-------- EXTRACTED MATERIAL --------
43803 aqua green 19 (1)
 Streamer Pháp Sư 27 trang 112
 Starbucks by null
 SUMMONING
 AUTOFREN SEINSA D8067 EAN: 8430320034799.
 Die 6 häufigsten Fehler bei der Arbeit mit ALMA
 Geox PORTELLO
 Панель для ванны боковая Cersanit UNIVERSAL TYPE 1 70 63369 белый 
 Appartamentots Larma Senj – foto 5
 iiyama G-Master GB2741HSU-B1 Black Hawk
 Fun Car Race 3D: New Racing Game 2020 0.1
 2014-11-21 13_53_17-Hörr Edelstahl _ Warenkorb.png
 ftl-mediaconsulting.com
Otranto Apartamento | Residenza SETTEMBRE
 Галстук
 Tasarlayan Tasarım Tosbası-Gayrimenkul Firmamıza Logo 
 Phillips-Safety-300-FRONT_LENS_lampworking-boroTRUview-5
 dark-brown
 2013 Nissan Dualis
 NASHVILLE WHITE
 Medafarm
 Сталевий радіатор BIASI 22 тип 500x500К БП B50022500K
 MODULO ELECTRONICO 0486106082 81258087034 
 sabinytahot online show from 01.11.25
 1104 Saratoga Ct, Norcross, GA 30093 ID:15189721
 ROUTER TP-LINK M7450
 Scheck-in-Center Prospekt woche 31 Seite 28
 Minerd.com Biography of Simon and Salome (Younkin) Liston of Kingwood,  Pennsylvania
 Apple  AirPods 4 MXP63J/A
--------
• WHAT YOU NEED TO DO
Write down exactly the line that contains "Сталевий радіатор BIASI" along with all later lines of the material, ending at its final line.

• ANSWER TO THIS EXERCISE
 Сталевий радіатор BIASI 22 тип 500x500К БП B50022500K
 MODULO ELECTRONICO 0486106082 81258087034 
 sabinytahot online show from 01.11.25
 1104 Saratoga Ct, Norcross, GA 30093 ID:15189721
 ROUTER TP-LINK M7450
 Scheck-in-Center Prospekt woche 31 Seite 28
 Minerd.com Biography of Simon and Salome (Younkin) Liston of Kingwood,  Pennsylvania
 Apple  AirPods 4 MXP63J/A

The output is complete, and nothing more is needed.